Em assuntos do PSDB, FHC deverá ter interferência pequena.
Antevê uma guerra entre serristas, que pretendem fazer oposição
mais dura a Lula, e uma outra ala,
capitaneada por Aécio Neves, governador eleito de Minas e presidente da Câmara, e Tasso Jereissati, senador eleito pelo Ceará.
Aécio e Tasso preferem oposição
light, linha mais parecida com a
pregada por FHC.
Autocrítica eleitoral
Na estratégia montada dois
anos atrás para eleger o sucessor,
o PSDB cometeu dois erros graves, segundo admite o próprio
FHC. Nas conversas reservadas,
reconhece a sua cota de responsabilidade nos dois enganos.

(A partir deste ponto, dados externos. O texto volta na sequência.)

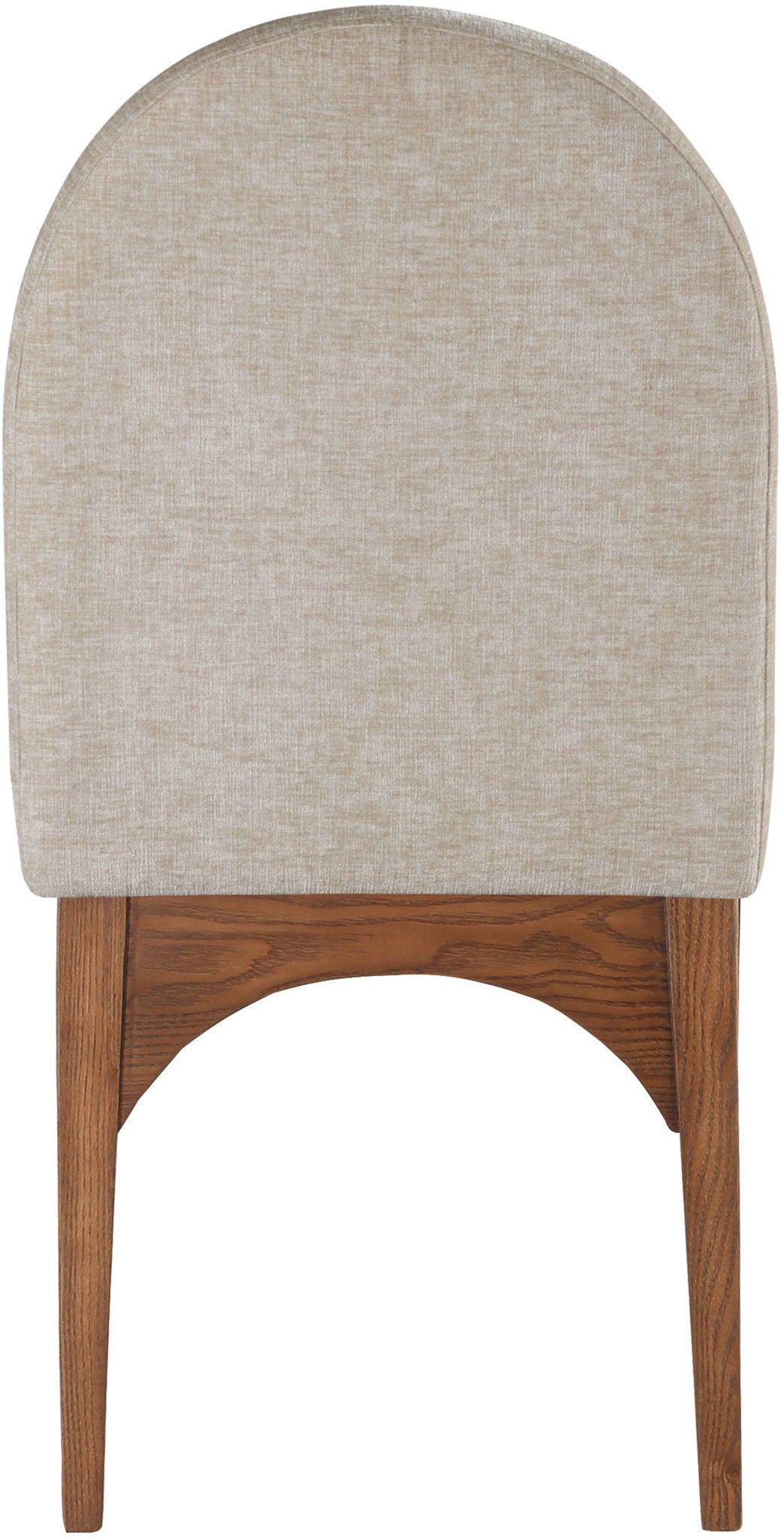 Waldorf - Chenille Dining Side Chair With Brown Legs - Urban Living Furniture (Los Angeles, CA)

O primeiro erro foi ter acreditado que bastaria um candidato do
governo chegar ao segundo turno
contra Lula para ter vitória assegurada. A articulação política,
empresarial e de mídia do petista
surpreendeu FHC.
O segundo erro é bastante específico: ter deixado o publicitário
Duda Mendonça fechar contrato
com o PT. Em 1999 e 2000, Duda
chegou a falar com Andrea Matarazzo, então secretário de Comunicação Social, sobre 2002.
Duda, porém, se aborreceu com
o descaso de Andrea e do próprio
FHC, que preferiram não abrigá-lo no núcleo do poder para não
melindrar Nizan Guanaes, marqueteiro das duas campanhas de
FHC, conselheiro-mor do governo e atual publicitário de Serra.
"Foi um erro ter perdido o Duda. O PT nunca teve uma comunicação tão boa como nesta campanha. Fez a diferença", diz FHC.
Quando fala da iminente derrota de Serra, FHC prefere apontar a
falta de carisma do candidato e
um erro de marketing na estratégia de "venda do produto" a reconhecer que o alto desemprego e
crise econômica gerada por sua
política tolheria muito as chances
de um postulante governista.
Quando veio a onda Ciro Gomes (PPS), entre julho e agosto
passado, FHC passou a se equilibrar de vez entre Serra e Lula. Desagradou o seu candidato quando
declarou que não era preciso diploma para ser presidente, num
contraponto a uma crítica da propaganda de TV tucana ao petista.
O afago foi combinado com José Dirceu, bem como o apoio do
PT ao novo acordo com o FMI
(Fundo Monetário Internacional). Nessa época, FHC chegou a
dar como morta a candidatura tucana, que variava entre 14% e 12%
nas pesquisas. A partir de então,
decidiu construir de vez com o PT
uma sólida ponte para o futuro.
Em 19 de agosto, dia em que recebeu os quatro principais presidenciáveis, fez deferência especial
a Lula. O petista foi o único convidado para uma conversa a sós.
FHC elogiou a moderação do petista na campanha e deixou claro
que, se Serra não chegasse ao segundo turno, jamais votaria em
Ciro. Para Lula, foi quase uma declaração de voto.
O petista julga "exemplar e democrático" o comportamento de
Fernando Henrique na eleição.
Diz que não houve abuso da máquina, nem jogo baixo.